Hi Thierry,
Il 11/04/2019 11:31, thierry bordaz via FreeIPA-users ha scritto:
Hi Giulio,
During the new IPA server installation (idc01) the server idc02 sends all its entries (total update), one after the other. The entries are sent idc02->idc01 over a sasl encrypted connection. I suspect that one of the entry sent by idc02 is large (a static group ?) and its encrypted size overpass the default limit set on idc01 (2Mb). I think your solution is the good one.
If you have big static groups, do you know how large are the biggest ones ?
Yes, I do have some big group. In particular one of them contains 17000+ users.

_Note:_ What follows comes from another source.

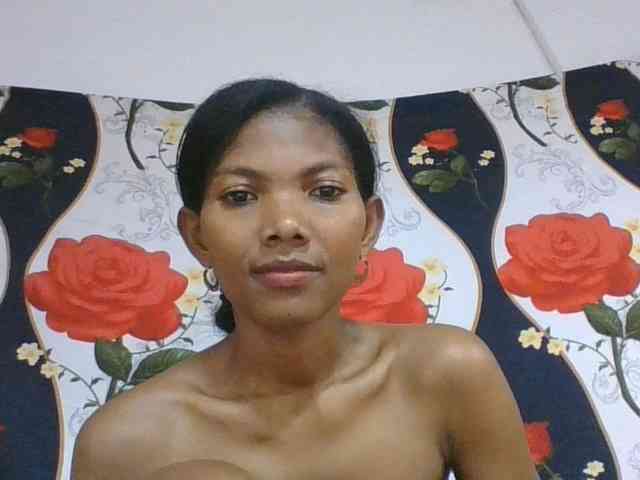 Lyah7a webcam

According to the logged error, It looks to me that most important one to tune was nsslapd-maxsasliosize. Possibly IPA installer could increase this value to manage large groups
I agree, despite it's a 389-ds error, I think it should be fixed by IPA guys at "ipa-replica-install" level (maybe predicting the maximum size of sasl packet).
Thank you again, Giulio
best regads thierry
On 4/11/19 10:36 AM, Giulio Casella wrote:
Hi Thierry, Rob, Flo,
unfortunately I have no failure log anymore (after a couple of reinstallations they get lost). Anyway I'll try to reconstruct some information to help you investigate further. The behaviour was:
- the IPA replication started, coming rapidly to "[28/41]: setting up
initial replication".
- Near the end of replication, after about 20 secs, the process aborted
with a message: [ldap://idc02.my.dom.ain:389] reports: Update failed! Status: [Error (-11) connection error: Unknown connection error (-11) - Total update aborted]

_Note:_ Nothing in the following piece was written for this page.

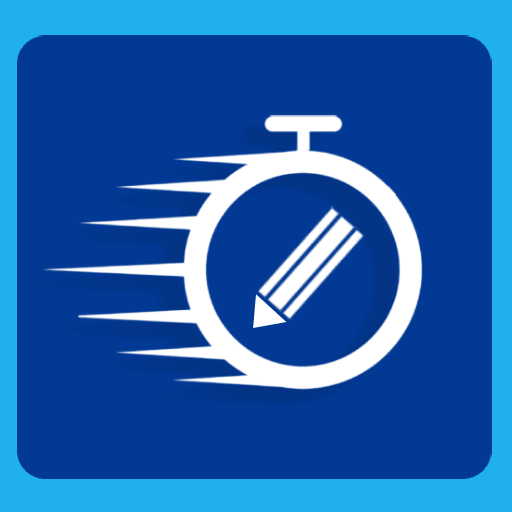 Logo for the Quick Edit project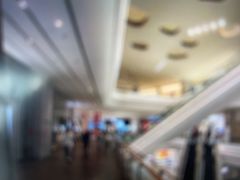 -满乐潮州(深业上城店)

idc02 is the working IPA/389-ds server.
on idc01 (the wannabe-replica) I found (in dirsrv error log):
(idc01:389): Received error -1 (Can't contact LDAP server): for total update operation
and somewhere else in the same file on idc01 a message similar to:
SASL encrypted packet length exceeds maximum allowed limit
- At the time of crash I noticed (via a tcpdump session) some "TCP zero
window" message in the capture, sent by idc01 to idc02
- After that the 389-ds server on idc01 was up, but many other IPA
parts were not (that's why I say the IPA replica setup crashed, no try to rollback was made). And the working server was up, but somehow "dirt", with some replica update vector (RUV) still pointing to idc01.
- The solution was to pass "--dirsrv-config-file=custom.ldif" to
ipa-replica-install, with custom.ldif containing:
dn: cn=config changetype: modify replace: nsslapd-maxsasliosize nsslapd-maxsasliosize: 4194304 replace: nsslapd-sasl-max-buffer-size nsslapd-sasl-max-buffer-size: 4194304
(original value was 2097152 for both configuration variables).

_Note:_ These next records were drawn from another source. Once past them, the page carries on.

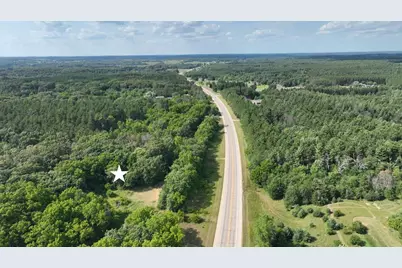 State Rd 22, Wautoma, WI 54982 - Photo 7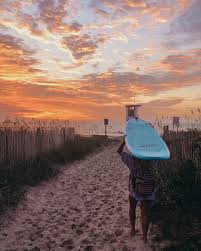 my board still doesn't fit under my arm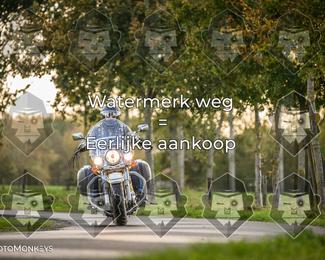 Foto's Herfstrit Moerzeke | Hartrijders 25-10-2026 photo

This make me think that "TCP zero window" was only a consequence, not a cause. After this tweak everything worked like a charme.
A couple of consideration:
- I think you can reproduce the wrong behaviour doing the right
opposite as I did, decreasing those two values. I don't know exactly how much.
- Maybe ipa-replica-install should try to catch this situation, output
something more explanatory, and possibly try to rollback.
I'm sorry I've no real log to post, but I hope this helps anyway.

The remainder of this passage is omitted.